(Short web captions)
--

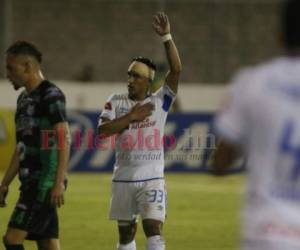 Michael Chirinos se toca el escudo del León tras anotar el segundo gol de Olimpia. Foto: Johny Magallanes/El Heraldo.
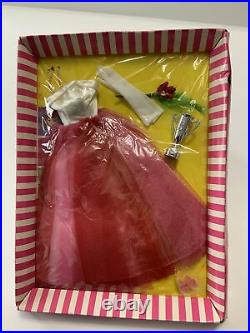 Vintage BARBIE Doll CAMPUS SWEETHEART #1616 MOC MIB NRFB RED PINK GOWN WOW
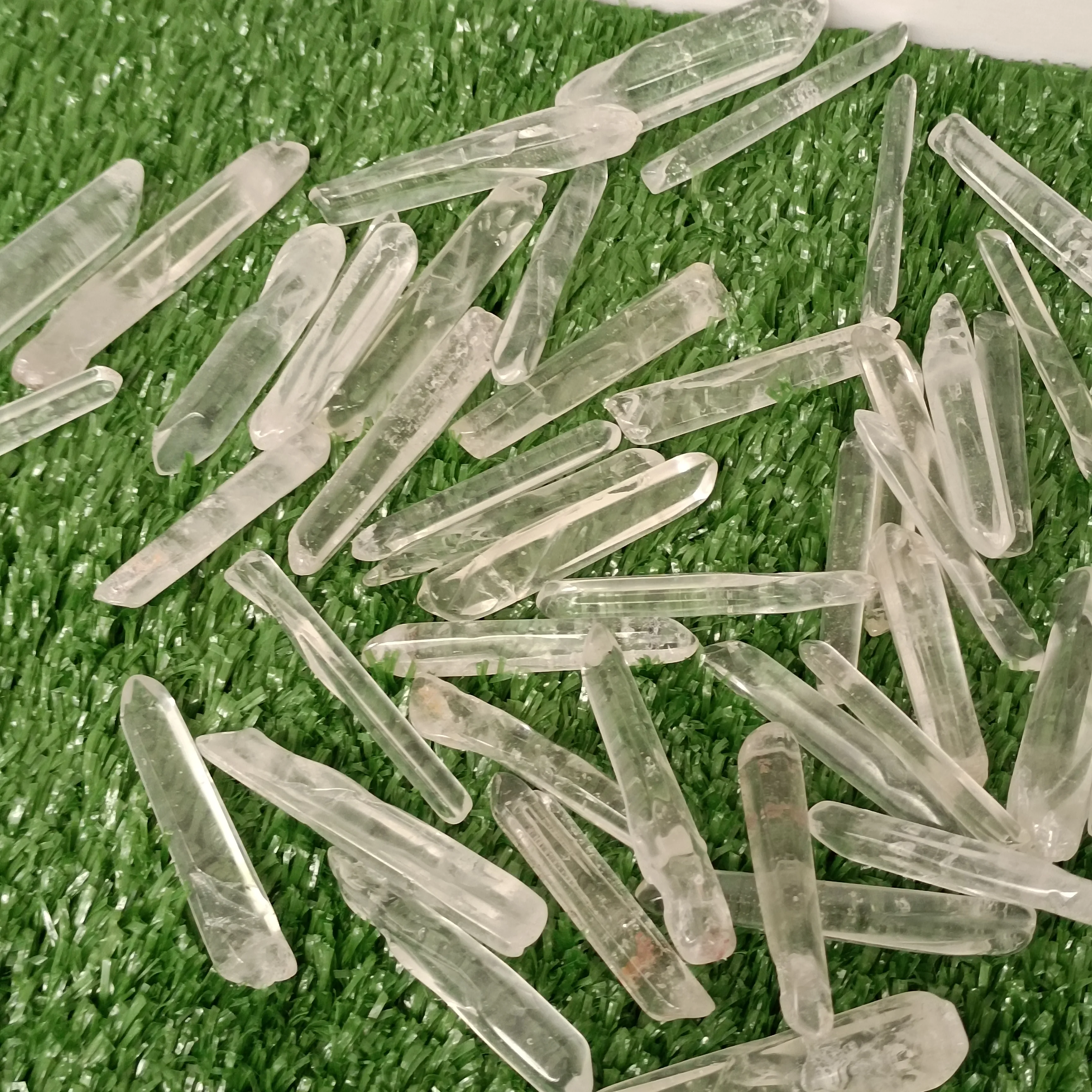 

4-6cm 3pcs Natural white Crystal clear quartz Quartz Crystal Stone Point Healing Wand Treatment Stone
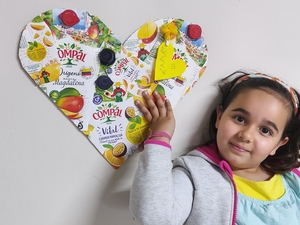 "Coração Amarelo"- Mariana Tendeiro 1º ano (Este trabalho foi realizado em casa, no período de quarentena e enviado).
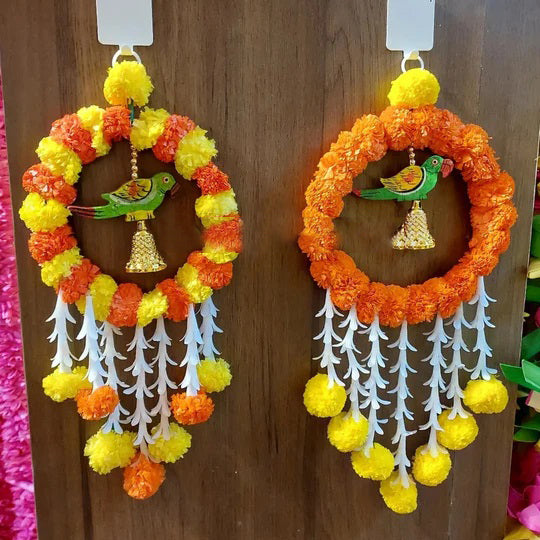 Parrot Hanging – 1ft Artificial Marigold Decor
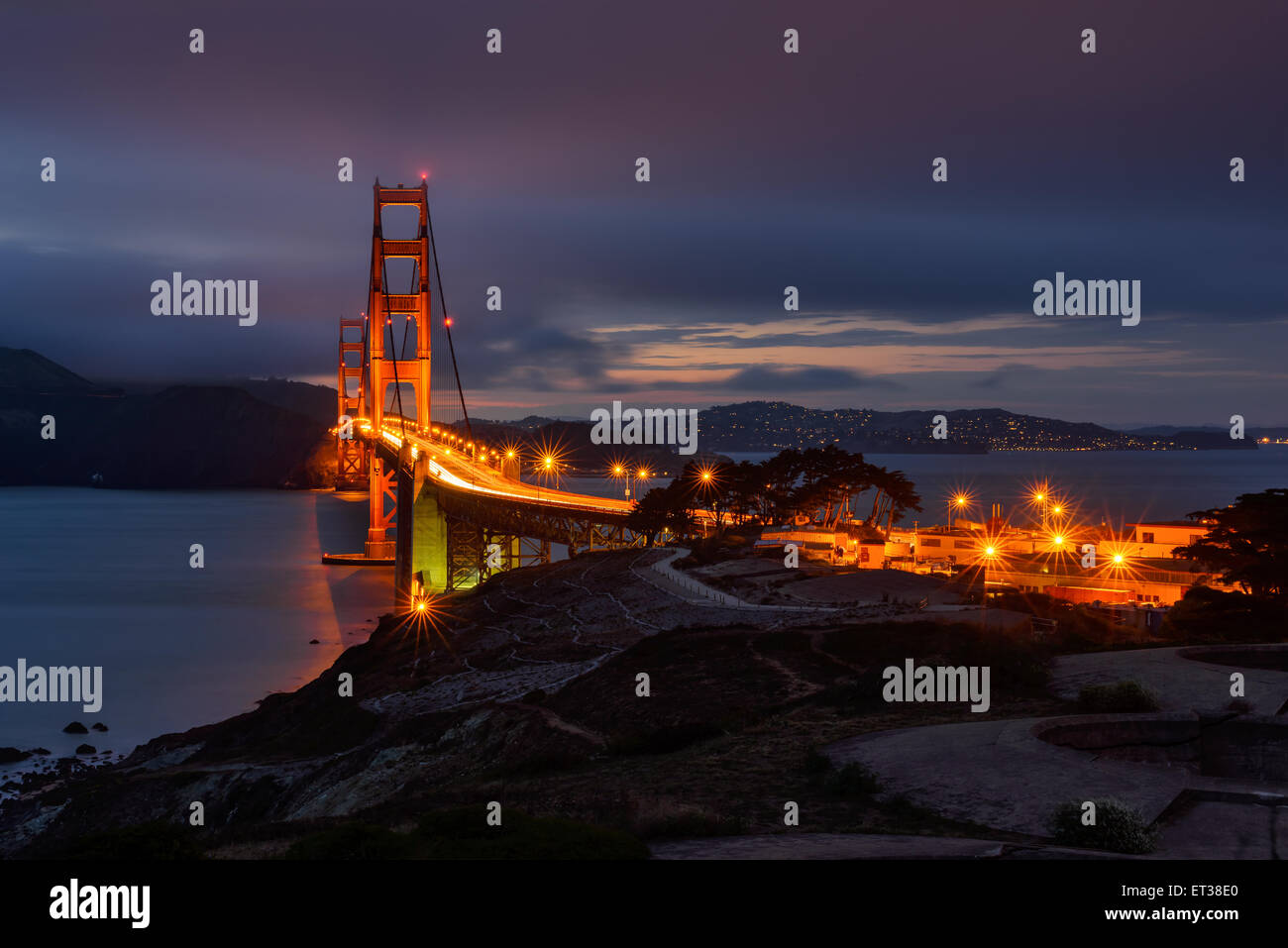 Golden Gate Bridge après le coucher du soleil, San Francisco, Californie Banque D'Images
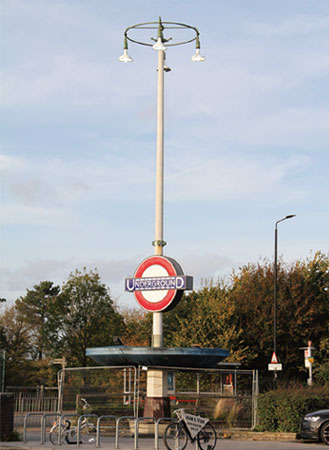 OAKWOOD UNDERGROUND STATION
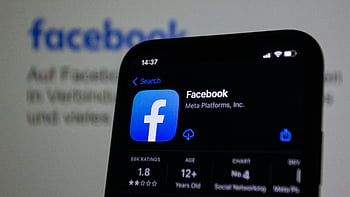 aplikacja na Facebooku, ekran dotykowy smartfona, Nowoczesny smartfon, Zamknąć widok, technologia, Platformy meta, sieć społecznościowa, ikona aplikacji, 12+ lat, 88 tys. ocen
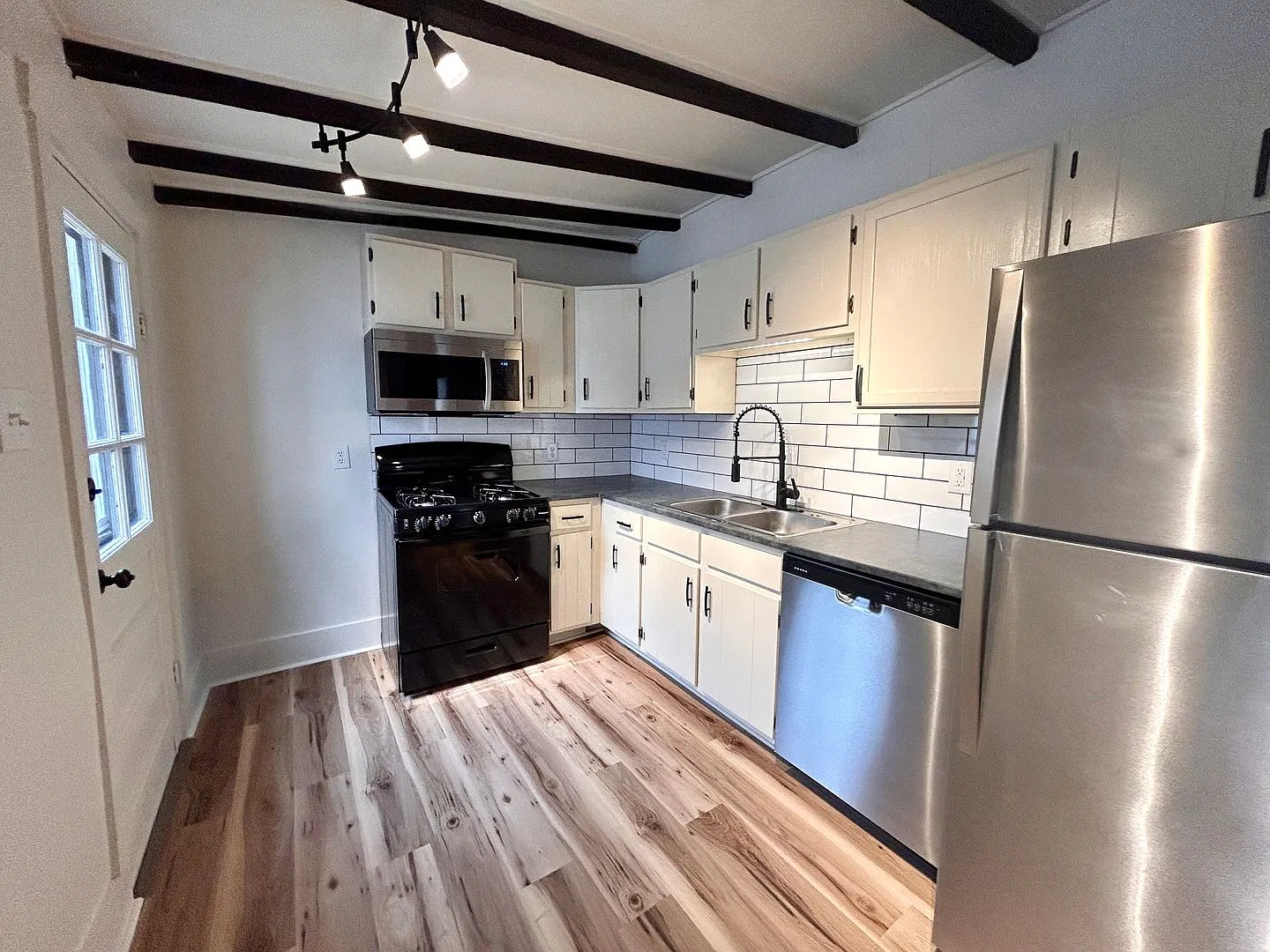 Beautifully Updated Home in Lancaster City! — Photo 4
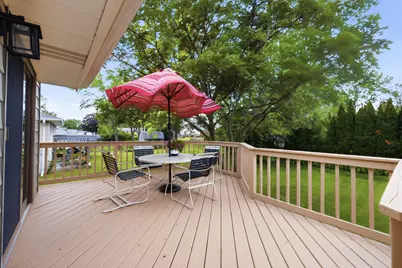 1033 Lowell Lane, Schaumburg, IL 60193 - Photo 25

--

* Task objective
In your copy, reproduce the data above exactly and skip every picture.

* Answer section
 Michael Chirinos se toca el escudo del León tras anotar el segundo gol de Olimpia. Foto: Johny Magallanes/El Heraldo.
 Vintage BARBIE Doll CAMPUS SWEETHEART #1616 MOC MIB NRFB RED PINK GOWN WOW

4-6cm 3pcs Natural white Crystal clear quartz Quartz Crystal Stone Point Healing Wand Treatment Stone
 "Coração Amarelo"- Mariana Tendeiro 1º ano (Este trabalho foi realizado em casa, no período de quarentena e enviado).
 Parrot Hanging – 1ft Artificial Marigold Decor
 Golden Gate Bridge après le coucher du soleil, San Francisco, Californie Banque D'Images
 OAKWOOD UNDERGROUND STATION
 aplikacja na Facebooku, ekran dotykowy smartfona, Nowoczesny smartfon, Zamknąć widok, technologia, Platformy meta, sieć społecznościowa, ikona aplikacji, 12+ lat, 88 tys. ocen
 Beautifully Updated Home in Lancaster City! — Photo 4
 1033 Lowell Lane, Schaumburg, IL 60193 - Photo 25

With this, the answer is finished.